A grande quantidade de escravos africanos trazidos ao Brasil entre os séculos XVII e XVIII torna-se responsável não só pelo trabalho mais pesado da colônia, mas também pela implantação de sua cultura, língua, e sobretudo identidade. O fato é que deixou importantes contribuições, diante do grande potencial que tinham e pela ação repressora do colonizador europeu que buscava deletar a identidade do negro, obrigando-o a assumir a sua cultura. Embora tenham unificado a língua portuguesa em um país com tão vastas proporções, os portugueses não conseguiram reprimir a vida dos escravos africanos nem fazê-los apagar sua memória e referências, pois além dos diversos dialetos indígenas surgiram também diversas línguas e dialetos africanos. Esses dialetos foram integrados aos falares dos povos que estavam formando o novo país. Os negros trouxeram o iorubá, ou nagô, dos grupos sudaneses (Guiné, Daomé, Sudão) compondo uma espécie de "língua geral" da Bahia, enquanto o quimbundo, do grupo banto* (Congo e Angola) difundiu-se em Pernambuco e outros estados do Nordeste, Rio de Janeiro, São Paulo e Minas Gerais. O grupo banto exerceu maior influência no português falado no Brasil, sendo essa contribuição negra evidente na fonética e na sintaxe portuguesa do Brasil.

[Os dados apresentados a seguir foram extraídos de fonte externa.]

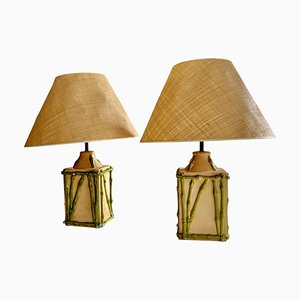 French Faux Bamboo & Ceramic Table Lamps, 1970, Set of 2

Porém, o que há de escrito sobre o assunto restringe a descrição de situações regionais ou pesquisas relativas à época da escravatura, sem entrevistar ou ouvir algum afro-negro, carecendo de mais estudos descritivos e observação do que os remanescentes pensam sobre si e sobre a sua etnia para se determinar a influência do escravo no fonetismo e no ritmo da fala popular. É preciso que se estabeleça parâmetros de comparação entre a fala do luso vindo para o Brasil e a do brasileiro nascido na terra,pois é essa diferenciação que motiva a variante, uma língua híbrida com características de crioulização.
Gilberto Freyre, no seu livro Casa grande & Senzala,de 1933, trata da mobilidade social que se gerou com a miscigenação, a dispersão da herança e a frequente mudança de profissão e de residência dos novos mestiços, além do fácil acesso a cargo e posições elevadas na política dos filhos naturais e crioulos, o cristianismo lírico português influenciado pela igreja católica, resultado da mescla de cultura européia, africana e indígena, com base numa economia agraria e pastoril. Desta forma, uma cultura crioula estava justificada. Mesmo que os colonizadores quisessem definir uma língua oficial, como ocorreu em 1757, através da Lei do Diretório dos Índios, o governo de Pombal decretou a unificação lingüística e a imposição do idioma oficial e a língua geral fora banida da escola, em função da oficial portuguesa exigida, entretanto, essa repressão não conseguiu impedir a natural evolução da língua nem extinguir as variações que se entrelaçam com a língua oficial.